Supplied entries: Begin
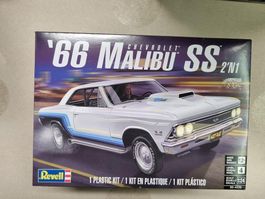 Chevrolet Malibu SS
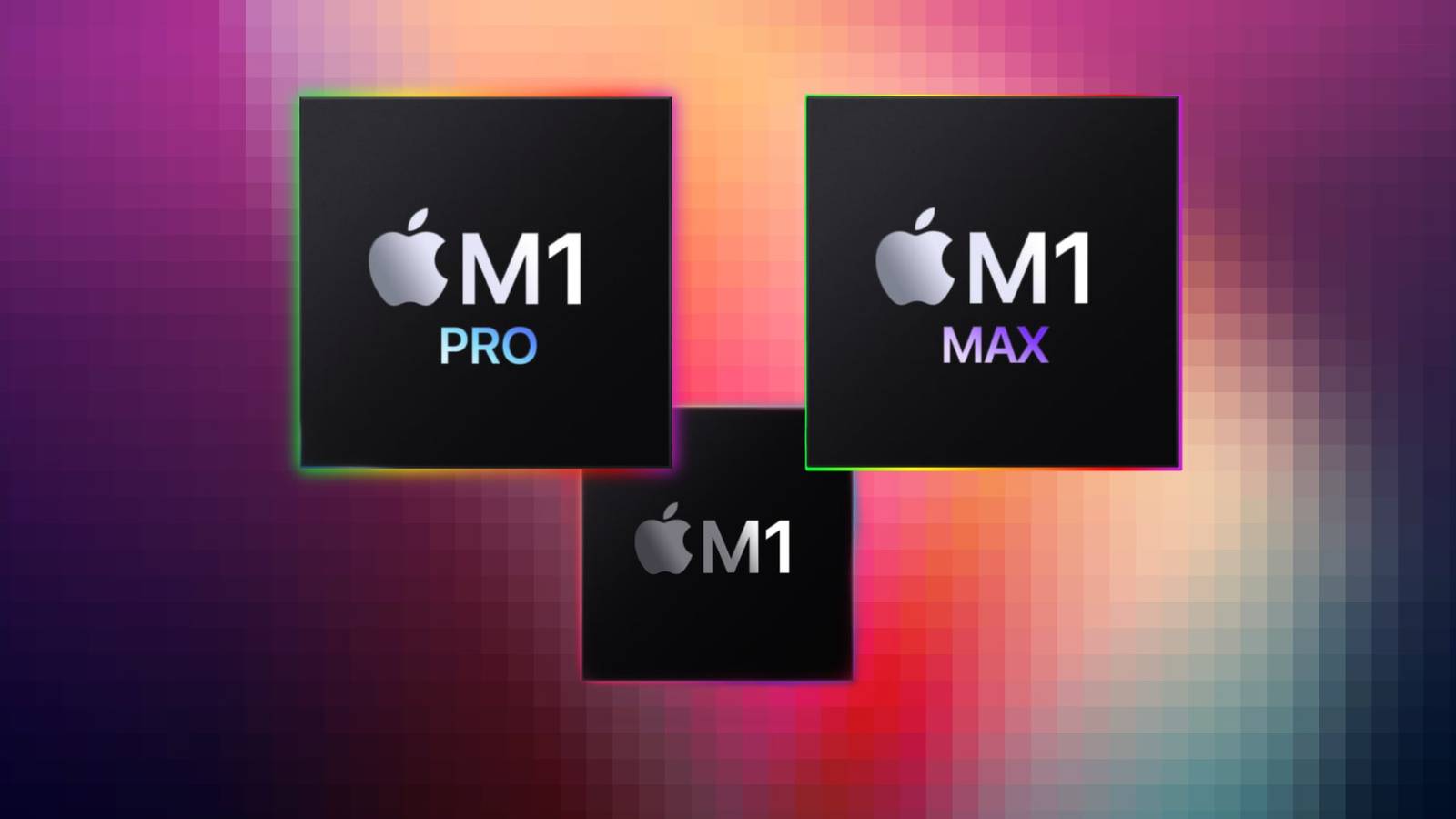 M1 Vs. M1 Pro & M1 Max: Apple's New MacBook Pro Chips Explained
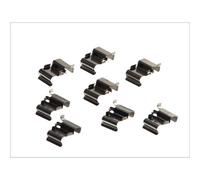 Set di accessori, pastiglia del freno a disco QUICK BRAKE 109-1033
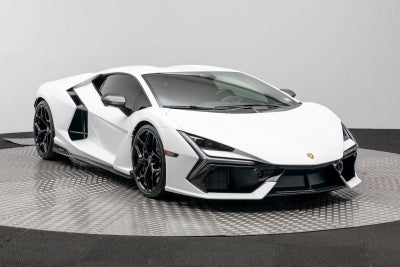 2024 Lamborghini Revuelto Coupe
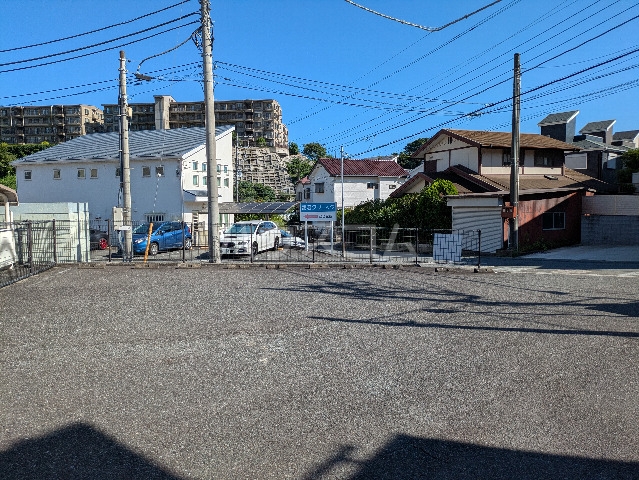 3/9 駐車場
Supplied entries: End
**Problem requirements**
Write the lines above out again exactly, excluding every picture.

**Solution to the exercise**
 Chevrolet Malibu SS
 M1 Vs. M1 Pro & M1 Max: Apple's New MacBook Pro Chips Explained
 Set di accessori, pastiglia del freno a disco QUICK BRAKE 109-1033
 2024 Lamborghini Revuelto Coupe
 3/9 駐車場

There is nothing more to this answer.